D+4 or D+5 means on average Biden +12-14 although your latter point is mostly true.

A D+5 district would finish R+2 in a 2010-type environment (R+7)

D+4/D+5 means Cook PVI which means its vote share of the past 2 elections. So D+5 means on average Clinton and Obama got 5% more of the vote in that district than they got nationwide. So no a Biden +13 district probably wouldn't flip in a R+2 environment.

A Biden +13 district is not D+4.  It's roughly D+9 because Biden will finish 2020 at about +4 in the national popular vote.

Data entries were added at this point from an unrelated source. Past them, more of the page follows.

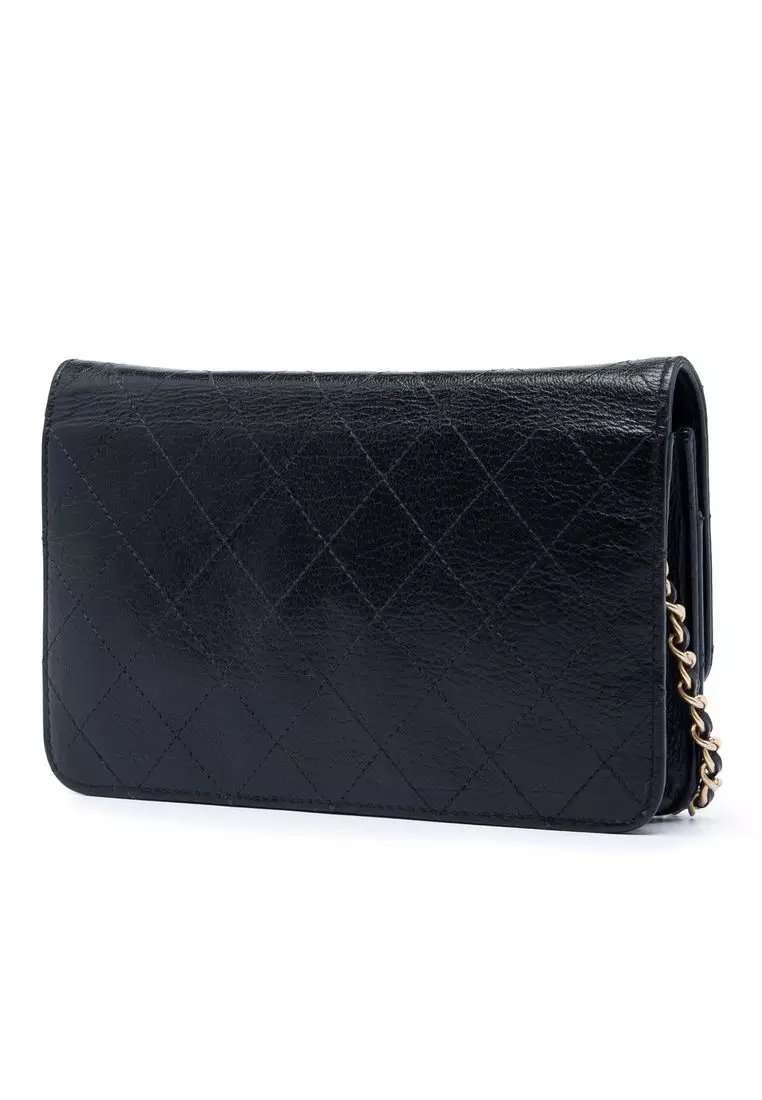 Pre-Loved Chanel Stitched Goatskin Golden Cc Wallet On Chain
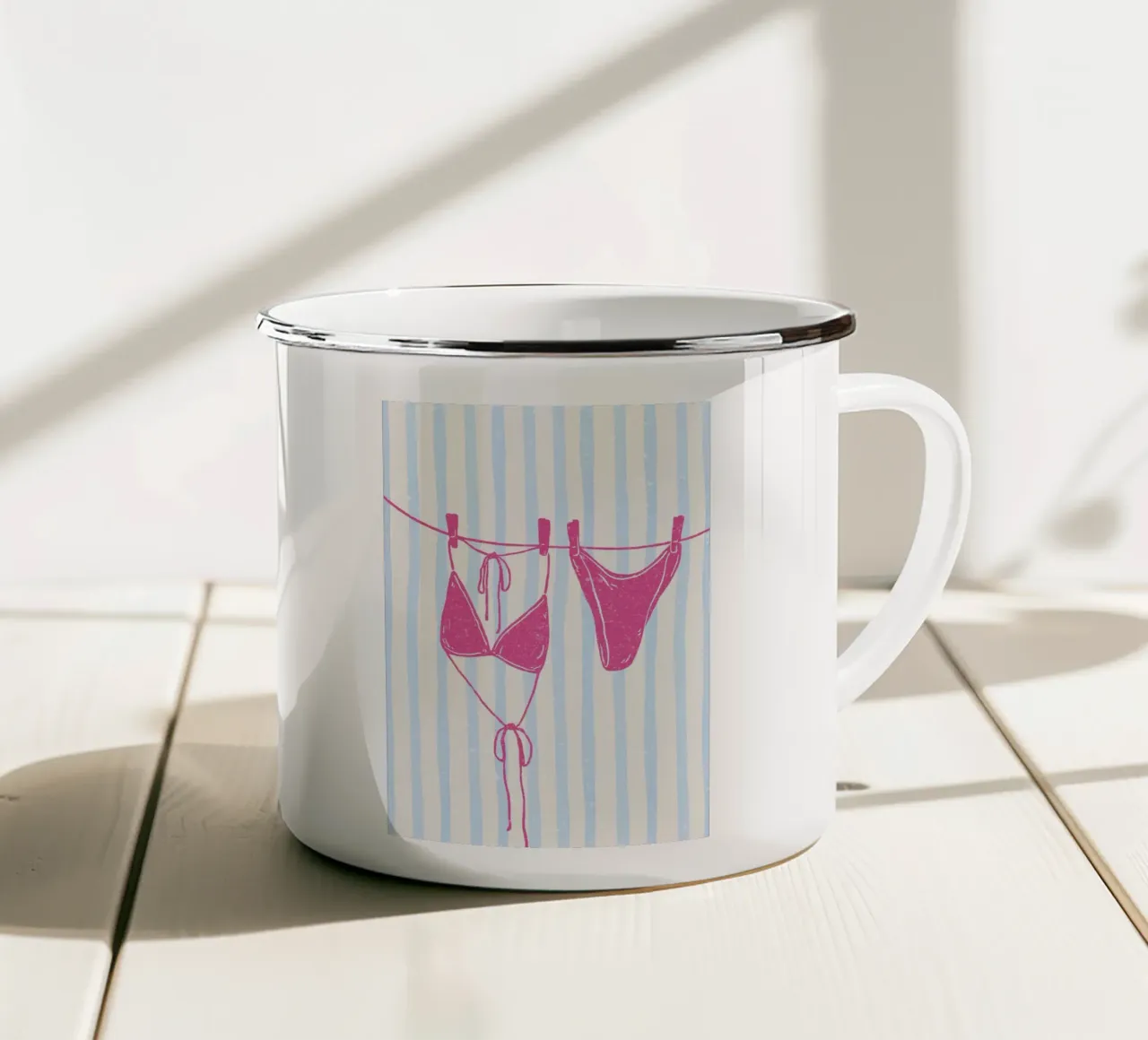 Bikini tazza in smalto da IamHomeStudio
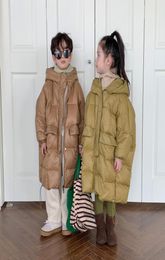 Invierno nueva chaqueta holgada de largo medio para niños039s abrigo cálido con capucha7825919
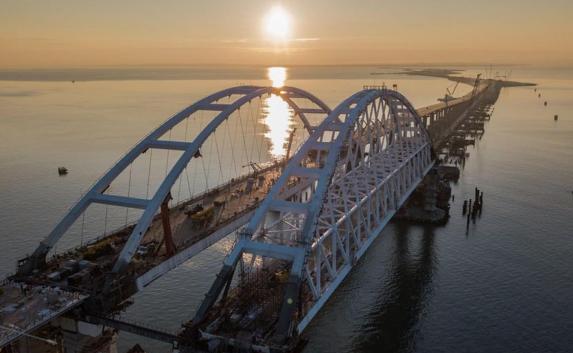 Временные рынки для автотуристов обустроят на Крымском мосту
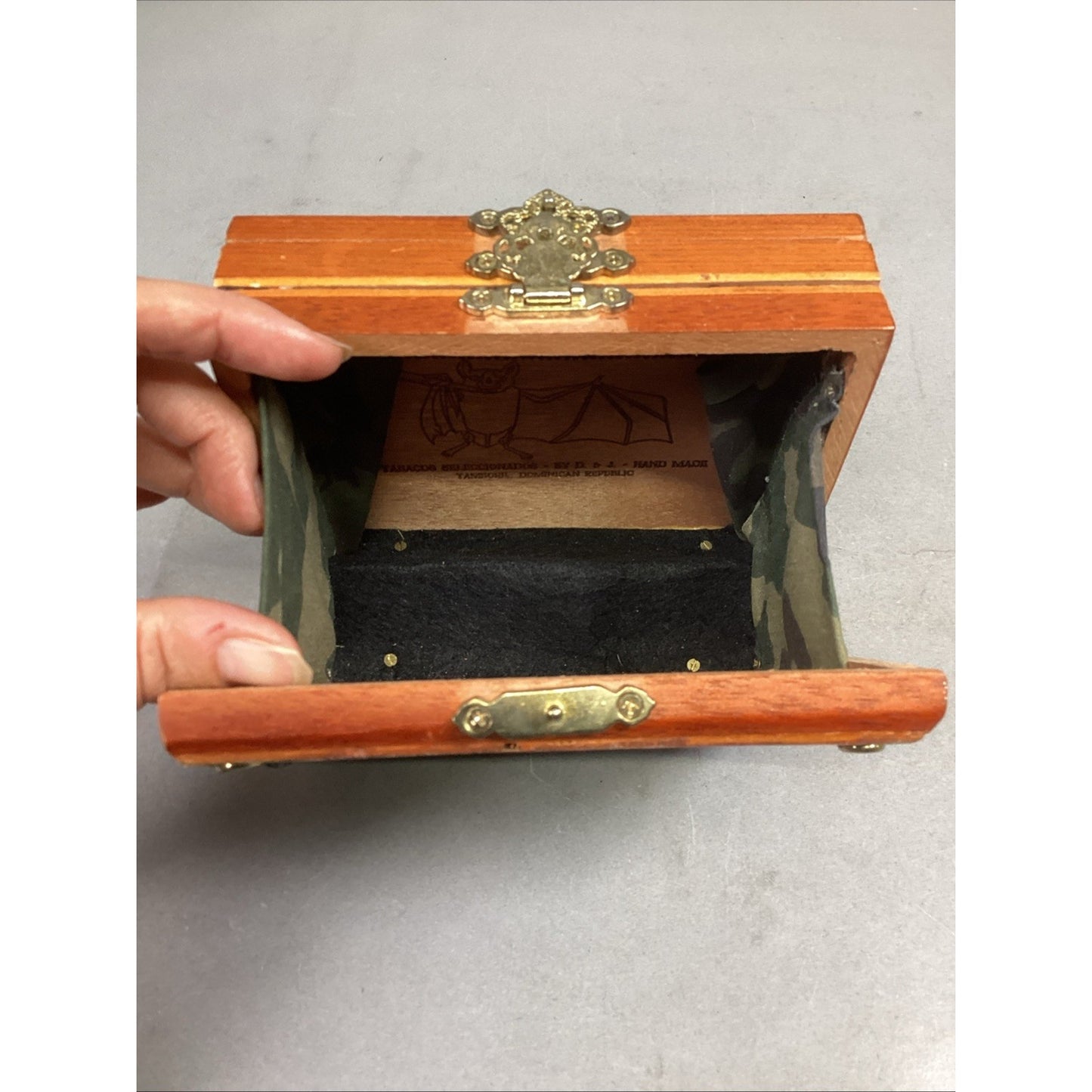 CHE GUEVARA Tavarez 2 Layer Cigar Box - Handmade In Dominican Republic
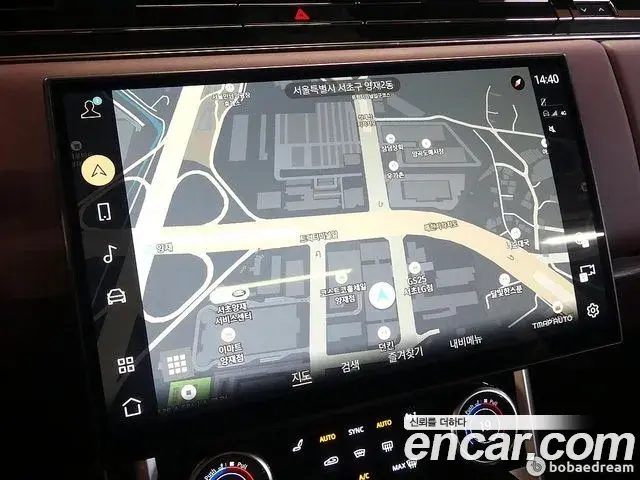 Land Rover Range Rover 2022 — Photo 6/20
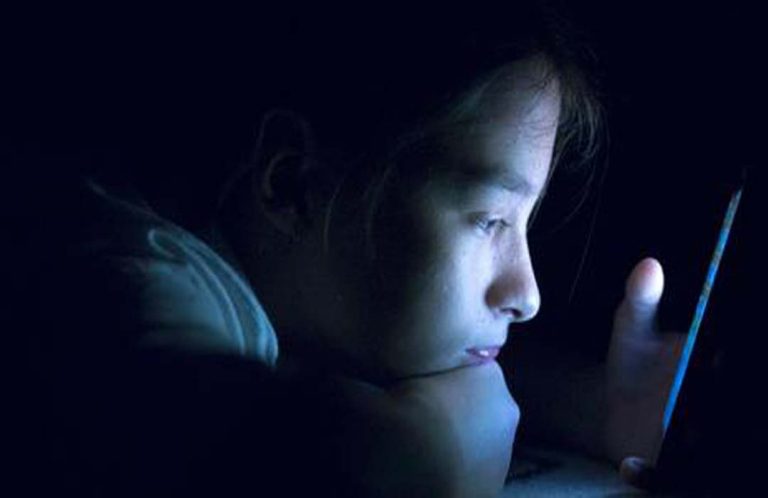 Excessive Screen Time Causing Chronic Sleep Deprivation in Tweens and ...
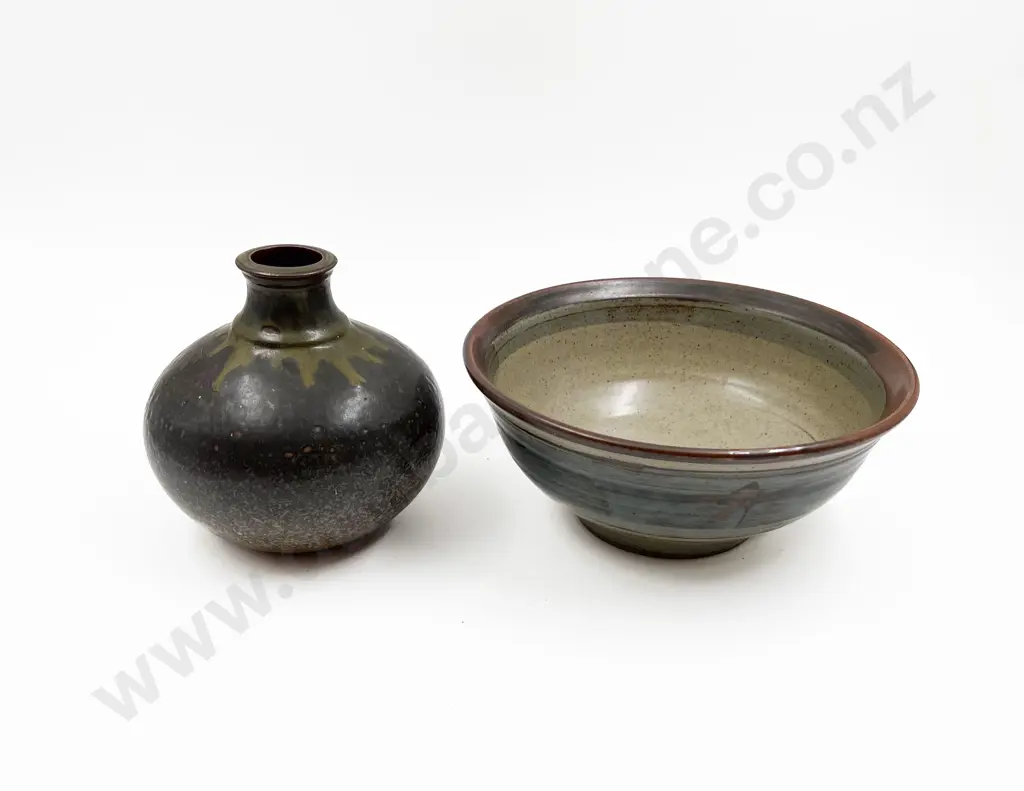 Two Pieces of NZ Pottery Image 1++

A D+4 district would flip in a national environment that was R+7, because it would finish R+3 (4 pts to the left of the nation.)  That's literally what Cook PVI measures, lol 

No

"PVIs are calculated by comparing a congressional district's average Democratic or Republican Party share of the two-party presidential vote in the past two presidential elections to the national average share for those elections. For example, the national average for 2004 and 2008 was 51.2% Democratic to 48.8% Republican.[1] In Alaska's at-large congressional district, the Republican candidate won 63% and 61% of the two-party share in the 2004 and 2008 presidential elections, respectively. Comparing the average of these two district results (62%) against the average national share (48.8%), this district voted 13.2 percentage points more Republican than the country as a whole, or R+13.[citation needed]"

https://en.wikipedia.org/wiki/Cook_Partisan_Voting_Index


Nice copy and pasting skills, lol

Your conception of the PVI is wrong.  In a hypothetical 50/50 national election, all states/districts would vote their PVIs.  In a 2010-type environment where the GOP is winning the national popular vote by 7 points, then D+4 districts would be expected to finish around R+3.

To gut check this, just look at the districts around D+4 and think about how'd they vote in a 2010-style wave for the GOP.  NV-03, MI-05, IL-17, NY-03, etc would probably all flip.  CA-21 and FL-27 (other districts in this neighborhood) actually flipped in 2020!